この「大半/大部分」を意味する最も一般的な英単語は most で、類語辞書で代名詞の most の類語に (the) majority が載っていることからも、「大半/大部分」という意味での majority は単に most の少し硬い/かっこつけた表現だと言えるでしょう。なお、majority には「多数派」や「得票差」の意味もあります。

Rawpixel / Rawpixel.com

↑「このように majority の人たちが支持しているのである!」「先生、それって most people ってことですか?」

A Majority と The Majority の違い

さて、例えば "A dog suddenly appeared" と言えば「見知らぬ犬が突然現れた」という意味ですが、"The dog suddenly appeared" と言うと「その犬が突然現れた」という意味になり、その犬をすでに知っていたことになります。同じく大半の人たちを "a majority" と表現した後で「その大半の人たち」と言いたい場合は "the majority" になりますが、この athe の違いであれば分かりやすいと思います。

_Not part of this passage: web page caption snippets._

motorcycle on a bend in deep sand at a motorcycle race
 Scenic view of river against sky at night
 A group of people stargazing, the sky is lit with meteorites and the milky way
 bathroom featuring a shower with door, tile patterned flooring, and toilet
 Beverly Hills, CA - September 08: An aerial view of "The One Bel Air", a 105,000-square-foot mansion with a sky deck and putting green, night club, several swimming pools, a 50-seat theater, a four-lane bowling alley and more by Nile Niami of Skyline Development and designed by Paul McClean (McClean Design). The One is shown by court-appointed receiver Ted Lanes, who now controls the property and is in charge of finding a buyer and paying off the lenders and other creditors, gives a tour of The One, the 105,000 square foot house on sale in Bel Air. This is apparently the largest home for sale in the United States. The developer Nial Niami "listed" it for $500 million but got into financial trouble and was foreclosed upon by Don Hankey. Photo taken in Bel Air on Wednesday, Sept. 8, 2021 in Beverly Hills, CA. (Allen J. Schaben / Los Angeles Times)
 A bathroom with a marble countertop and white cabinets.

その他の違いについては、52%、76%、93%などいくつもの過半数の中の1つ(または同じ93%でもその割合を構成する人間の組み合わせは多数あるためその中の1つ)を表すのが a majority、少数に対する「多数」という1つの塊が the majority と考えるのが正しいように思えますが、ネイティブスピーカーでも独自の解釈をしたり、どちらも全く同じと考える人や使う動詞によって自然に聞こえるほうを使うと言う人もいます。

つまり、このような明確なルールがないものについては、できるだけ多くの使用例に触れてどのような場合にどちらの表現を使うのが普通なのかを感覚的に学ぶしかないでしょう。ただ、先ほどの「大半/大部分」の意味では the を使うほうが普通だと思います。

「過半数の人」?

さて、ここからが本題ですが、冒頭の円グラフの「過半数の人がNOと回答」の「過半数」は英語で何と表現するのでしょうか?「過半数の人」という日本語が正しいかは分かりませんが、実際に「~の過半数(の人)が○○と回答」のように表現している記事は結構あり、そのようなページを適当に20件選んで調べたところ、そのすべてで「過半数」は5割台(特に51~54%)になっていました。これも a/the majority でしょうか?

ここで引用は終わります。